The Players Alliance, a group of over 100 Black current and former professional baseball players, announced on Friday that its players collectively decided to donate their game-day salaries on Thursday and Friday to the Alliance. Those donations would go to combating racial inequality and supporting Black families and communities “deeply affected in the wake of recent events.”

The Cubs had Thursday off, but Heyward indicated that he still would be donating two games’ worth of his salary.

“The fact that we said, ‘Okay, well we're going to sit, we're not going to play this day,’” Heyward said, “we don't want it to come off as, 'Oh, we're going to do that and we're going to take a paycheck,’ or ‘We're doing this knowing that we can just do whatever we want and show up and know we're still going to get paid.’”

The NBA’s Milwaukee Bucks were the first to decide not to play Wednesday in protest, following the police shooting of Jacob Blake. They called for justice for Blake, who a Kenosha police officer shot seven times in the back in their home state of Wisconsin, and for police and criminal justice reform.

Similar demonstrations spread across sports. Between Wednesday and Thursday, 10 MLB games were postponed. Individual players like Heyward, the Cardinals’ Dexter Fowler and Jack Flaherty, and the Rockies’ Matt Kemp also sat out.

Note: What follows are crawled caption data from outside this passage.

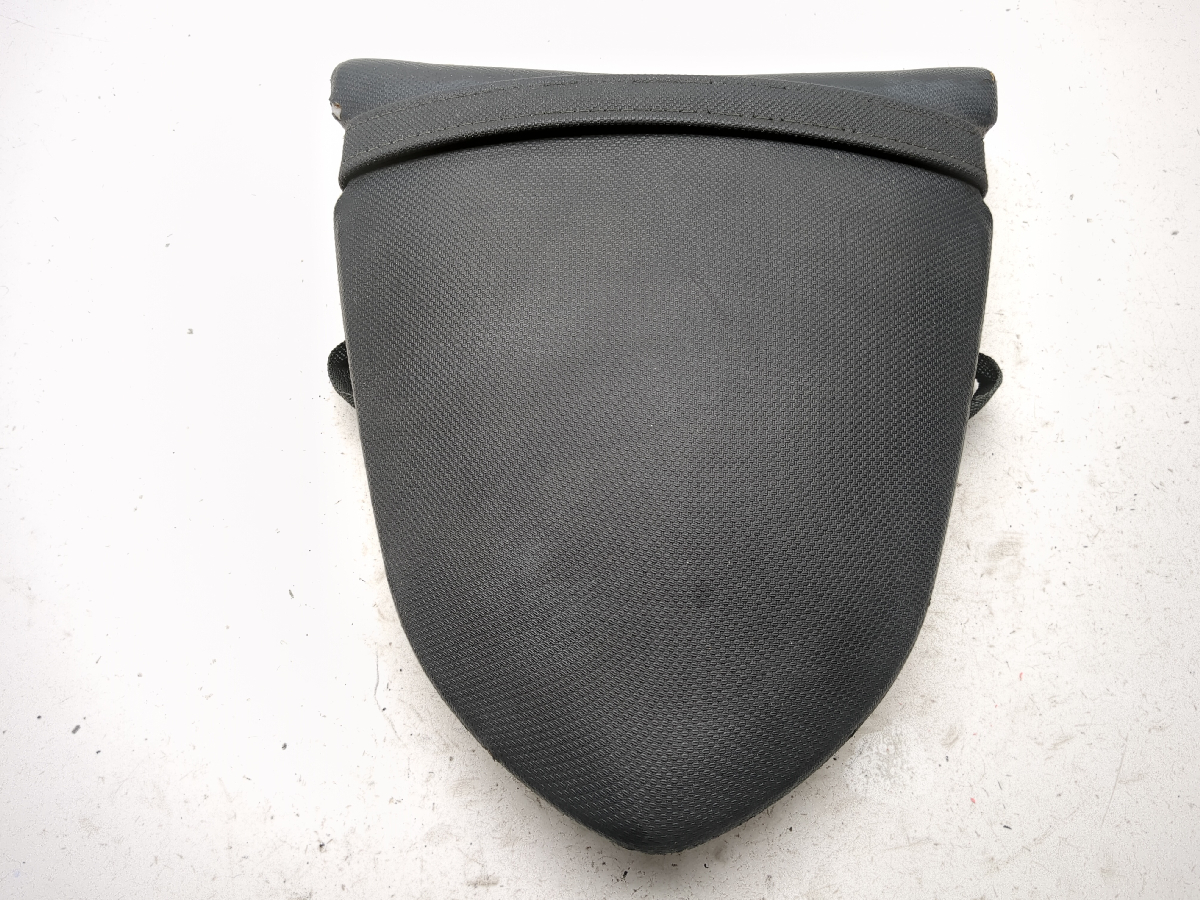 06 07 Kawasaki Ninja ZX10 ZX10R Rear Passenger Seat P191216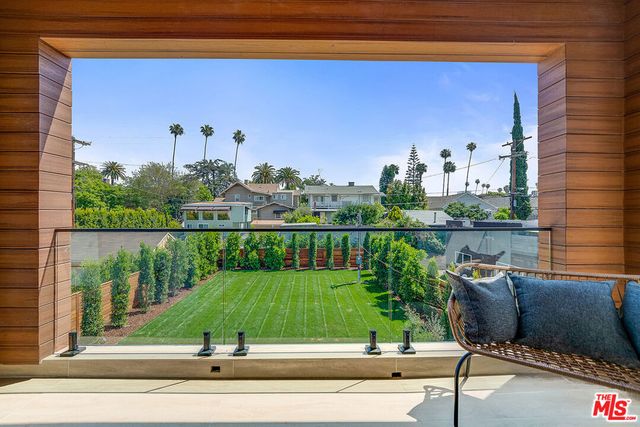 244 S Gramercy Place, Los Angeles, CA 90004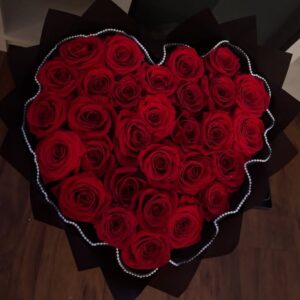 Ramo de 40 rosas Naturales forma corazón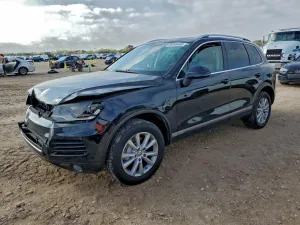 2013 VOLKSWAGEN TOUAREG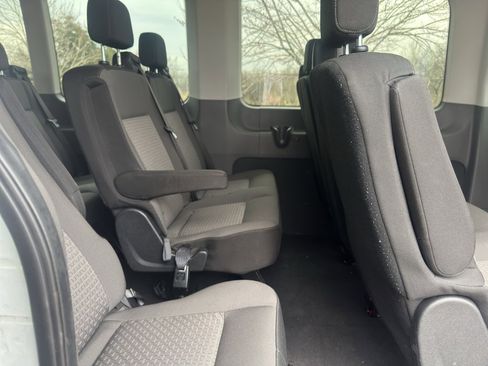 Used 2024 Ford Transit 350 XLT image 12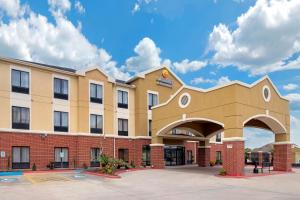 una representación de un hotel con un edificio en Comfort Inn & Suites Port Arthur-Port Neches en Port Arthur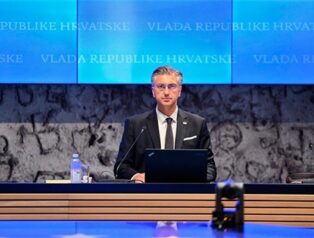 Plenkovic’den Kuzey Makedonya’ya AB sürecinde destek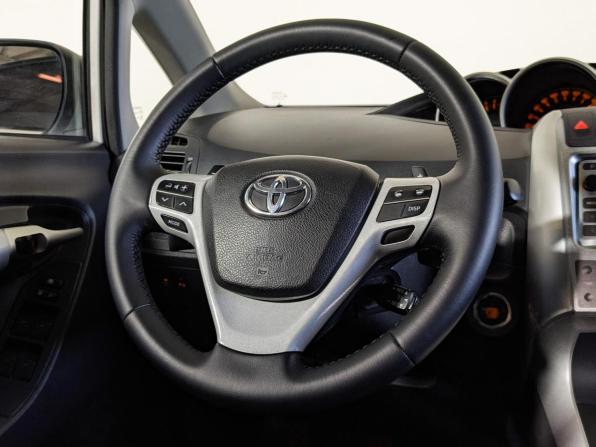 Toyota Verso I с пробегом 2011 года, цена 1 099 500 рублей, 253000 км, компактвэн, Автокод Объявления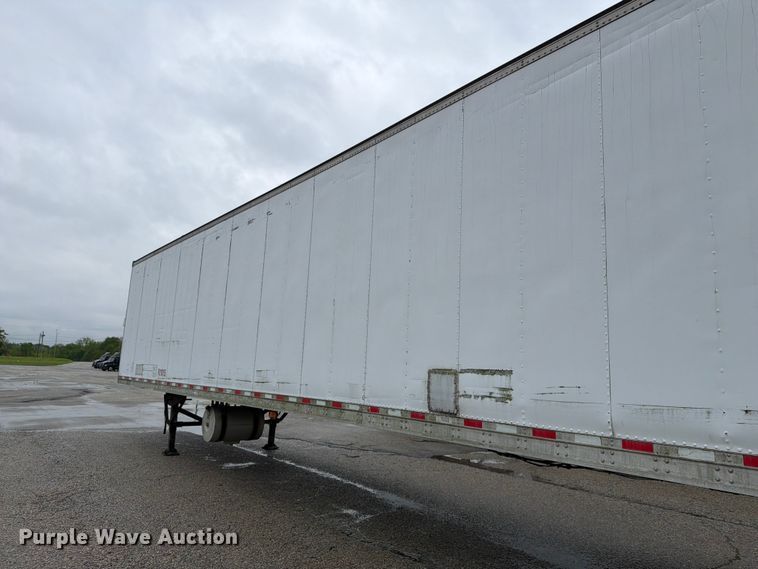 image for item EW2069 2000 Great Dane Trailers refrigerated van trailer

“So, the fact that we had that day that we sat,” Heyward continued, “today on Jackie Robinson Day to pay homage to him and to bring more awareness, it just felt fitting to move that way with it and to let people know that we're here, not because we have more money, and we're not doing this because of that.

“We're just doing this because we have a platform. And we do want to continue to give back with more than just saying that we don't feel like something's right. We've got to show up. We've got to have action to our words.”

Heyward said Theo Epstein, Cubs president of baseball operations, reached out to him on Friday afternoon. Epstein said he and Cubs president of business operations Crane Kenney also planned donate to The Players Alliance, and they would invite the rest of the front office to join them.

“Those are the things that they're doing to take action,” Heyward said.